There are many ways to grow a startup, but recent history suggests that the market building method coming out of Stanford is superseding the technology-driven method of MIT. Simply put, "Technology is not a prerequisite for business success, but marketing is." This is the conclusion of an insightful story posted last week by (triple degree) MIT grad (and now San Francisco resident) Amir Hirsch on his Reconfigurable Computing blog titled The Stanford Startup and the MIT Startup.

Hirsch himself has an illustrative backstory here. After MIT and a stint working on processor upgrades for a nuclear power plant (kind of like rocket science) he began hacking the Kinect motion sensor and was a member of YCombinator's class of 2011 with his Kinect UI startup Zigfu. So after degrees at MIT in Math and Electrical Engineering (undergrad) and a Masters in Electrical Engineering & Computer Science, Hirsch found himself in the very belly of the Stanford infused startup beast.

Who better to compare the two schools of thought on startups?

According to Hirsch, the difference between the two approaches is "The dichotomy… between a focus on technology development and a focus on market development." While an MIT company "seeks to develop an unassailable technical advantage, optimizing their product or process in terms of kilojoules, units per second, and dollars," the equivalent Stanford company "gets a product out quickly, they make money, iterate and then raise money." And here is the sad truth, in Hirsch's experience.
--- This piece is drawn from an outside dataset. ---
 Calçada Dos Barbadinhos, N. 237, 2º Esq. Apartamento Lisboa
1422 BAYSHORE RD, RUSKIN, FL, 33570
The Stanford company will use "network effects to lock-in customers or viral growth tactics to get super-linear returns on marketing investment," whereas as the MIT company will "either find a market-fit or sell their technology to a Stanford company." (Italics mine.)

Zigfu, Hirsch's writes of his YCombinator startup in a previous post, stood out in its class (partially because what they demonstrated was not a web or mobile app) but never got proper funding. It remains profitable, but has not attained the scale that its demo presentations seemed to promise. In retrospect, he realizes, Zigfu should have just focused on building revenue first and chased funding later. "Revenue is just like funding," he writes, "but it costs you less to get it." By this token, all of his MIT training did not prepare Hirsch well for the reality of the SF startup culture. The YCombinator model presupposes an instinct for growing users and building revenues when it places young companies in proximity to venture capital. It is perhaps the secret handshake they don't teach at schools on the East Coast!
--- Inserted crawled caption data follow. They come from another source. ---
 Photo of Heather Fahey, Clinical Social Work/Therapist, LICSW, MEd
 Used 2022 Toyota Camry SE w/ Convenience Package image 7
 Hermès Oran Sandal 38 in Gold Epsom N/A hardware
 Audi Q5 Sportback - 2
Now lest you think I am taking sides here, it is important to point out what the West Coast style does not automatically factor in. If you are, MIT style, trying to build a complex, proprietary technology that will require years of funding before it will generate revenues, you will have trouble with VCs. "Investors look for 'order of magnitude better' when vetting technology companies to determine if the technology is defensible," Hirsh explains, and the more original the scope of that technology, the smaller the pool of potential investors who will possibly understand and fund it. Many technologies that the world desperately needs are the same ones that will have the most difficult time getting funded.
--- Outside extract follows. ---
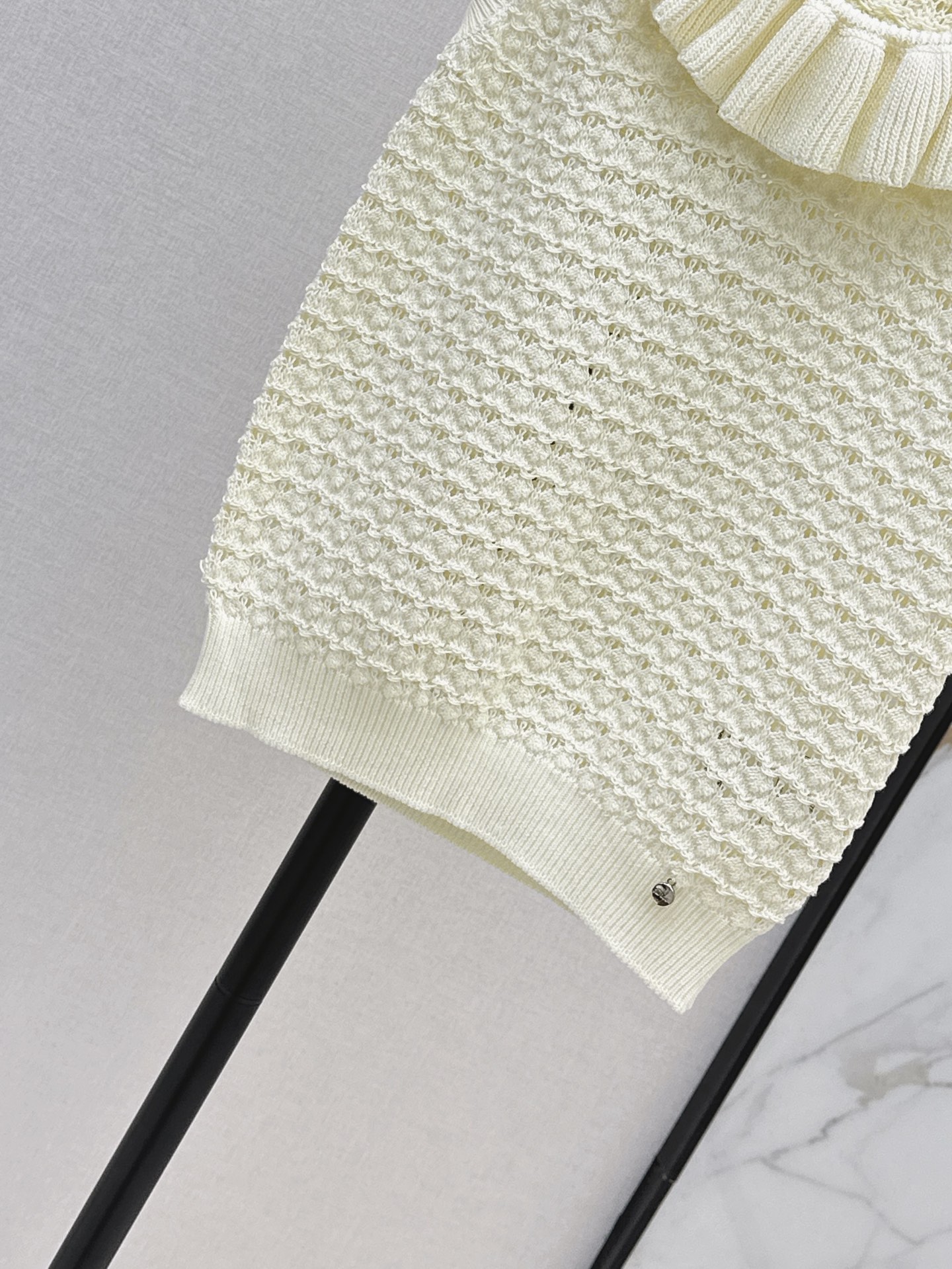 CD 26ss ruffle hollow vest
In truth, the funding component of startups is a matter of marketing as well. Mobile apps with hockey stick user growth are the fast food of startups. They are easy to explain and easy to fund. But novel technologies are often more acquired tastes and require more discerning investors. On the other hand, if a high-growth startup does not possess an actual competitive edge in terms of technology it may not be able to maintain its first-mover advantage. In the end, Hirsch says, "the best startups develop technology and a market simultaneously." This is a lesson, hard learned in his case, that all startups need to heed.